Experimental study on reduction of hydrogen content in low z thin films by controlling DC glow discharge conditions

Boronization as wall conditioning has been performed in many plasma devices, such as, TEXTOR at 150-350°C, DIII-D at 300°C, and JT-60U at 300°C, resulting in well reduced oxygen impurities and hydrogen recycling. In Large Helical Device (LHD), the boronization with glow discharge is also considered as the main technique to regulate wall surfaces. However, the temperature of the vacuum vessel is limited below 100°C. In this low temperature operation, the hydrogen content in the boron film is not sufficiently reduced. Therefore, a new technique to reduce the hydrogen content in boron film is desired by controlling glow discharge conditions during the boronization. To make clear the dependence of H content on discharge conditions and to establish techniques to evaluate the H content are main aims of this thesis.

The evaluation methods of hydrogen content were newly developed or modified. These are flash filament method (FF), residual gas analysis method (RGA) and ion beam analysis method (IBA). The principle and procedure of these methods are presented. In particular, the newly developed FF method gives us three advantages, that are, simple and quick operation, in-situ measurements, and absolute measurement.

In the newly constructed experimental facility named plasma processing teststand (PPT), in-situ analyses under films coating were carried out by using an oscillating quartz crystal for monitoring the thin film thickness, a movable Langmuir probe to measure the electron temperature and the electron density in the discharge, a quadrupole mass analyzer for monitoring gas evolution during the discharge and FF measurements, and a thermocouple and an infrared TV camera to monitor temperatures of films surface on the FF or on the cathode liner.

Hydrogenated amorphous boron films using decaborane or diborane gas and carbon films using methane gas were produced with well regulated conditions in plasma-assisted chemical vapor deposition P- CVD in DC glow discharges. Extensive and systematic researches to reduce the hydrogen content in low Z thin films were carried out at the room temperature condition in PPT by measuring 5 dependences on controllable parameters, which are discharge power, total gas pressure, pumping speed, gas flow rate and gases mixing ratio.

For the boron films from decaborane, it was found that the hydrogen content was successfully reduced with increasing the film growth rate. In cases of diborane and methane, although the discharge power dependence was in good agreement with decaborane, the pressure dependence did not agree with decaborane. For decaborane lower pressure results in the lower H content.
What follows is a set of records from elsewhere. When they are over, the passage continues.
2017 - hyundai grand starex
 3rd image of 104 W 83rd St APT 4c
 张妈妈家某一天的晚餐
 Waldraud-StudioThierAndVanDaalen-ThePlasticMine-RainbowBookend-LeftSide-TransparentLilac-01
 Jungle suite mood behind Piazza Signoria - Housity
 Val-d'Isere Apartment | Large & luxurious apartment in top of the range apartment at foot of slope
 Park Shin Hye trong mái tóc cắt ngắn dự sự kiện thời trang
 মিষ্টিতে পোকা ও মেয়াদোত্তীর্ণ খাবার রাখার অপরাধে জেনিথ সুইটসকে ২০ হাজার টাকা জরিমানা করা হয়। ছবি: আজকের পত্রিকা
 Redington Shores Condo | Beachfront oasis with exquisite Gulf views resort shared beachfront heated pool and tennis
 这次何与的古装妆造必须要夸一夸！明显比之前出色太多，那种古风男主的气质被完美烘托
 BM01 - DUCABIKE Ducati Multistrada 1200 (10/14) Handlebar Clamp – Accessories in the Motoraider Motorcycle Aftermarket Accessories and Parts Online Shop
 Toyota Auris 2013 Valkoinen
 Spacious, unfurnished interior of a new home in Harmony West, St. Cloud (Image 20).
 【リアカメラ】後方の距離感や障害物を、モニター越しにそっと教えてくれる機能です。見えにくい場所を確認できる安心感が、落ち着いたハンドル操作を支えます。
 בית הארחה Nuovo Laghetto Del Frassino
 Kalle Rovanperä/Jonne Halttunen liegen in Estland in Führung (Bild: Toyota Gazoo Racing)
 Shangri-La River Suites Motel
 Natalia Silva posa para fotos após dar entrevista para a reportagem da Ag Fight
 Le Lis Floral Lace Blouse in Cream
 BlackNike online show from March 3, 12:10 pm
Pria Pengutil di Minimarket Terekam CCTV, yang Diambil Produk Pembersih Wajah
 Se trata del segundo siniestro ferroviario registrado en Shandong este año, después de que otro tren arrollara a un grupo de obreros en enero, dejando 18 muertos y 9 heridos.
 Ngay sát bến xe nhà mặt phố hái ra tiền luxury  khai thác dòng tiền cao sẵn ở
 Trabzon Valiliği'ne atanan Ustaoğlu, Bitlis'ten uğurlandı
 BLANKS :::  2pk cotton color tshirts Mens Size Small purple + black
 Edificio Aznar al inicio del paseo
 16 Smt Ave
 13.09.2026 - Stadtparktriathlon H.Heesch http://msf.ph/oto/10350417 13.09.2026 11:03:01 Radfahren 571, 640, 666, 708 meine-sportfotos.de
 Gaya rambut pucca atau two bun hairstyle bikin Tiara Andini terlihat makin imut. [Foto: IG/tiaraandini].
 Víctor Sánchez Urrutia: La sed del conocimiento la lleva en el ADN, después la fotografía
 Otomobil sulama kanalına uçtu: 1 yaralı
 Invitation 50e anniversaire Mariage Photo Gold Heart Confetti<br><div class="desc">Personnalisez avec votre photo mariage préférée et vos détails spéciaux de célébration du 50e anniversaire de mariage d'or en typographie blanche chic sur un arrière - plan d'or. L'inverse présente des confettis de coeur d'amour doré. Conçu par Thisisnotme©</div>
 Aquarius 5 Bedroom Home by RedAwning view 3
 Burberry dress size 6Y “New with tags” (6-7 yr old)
However, for diborane and methane the higher growth rate of films leads lower H content as well as decaborane.

In order to make clear the influence of electrical potential of FF., boron films were produced on AI samples by floating or connecting to the cathode potential, and then, depth profiles of H were analyzed with the ERD of IBA technique. For this purpose, a new modified method using RBS was established to monitor the probing ion flux. Results showed that a high growth rate of film formation and the floating surface were effective in reducing hydrogen content in B films. From this results it is conjectured that energetic ions flux should be reduced but the radical one should be increased.

The results measured by using RGA and ion beam analysis ERD. showed a good agreement with FF.

Hydrogen reduction mechanisms to explain the experimental findings were discussed.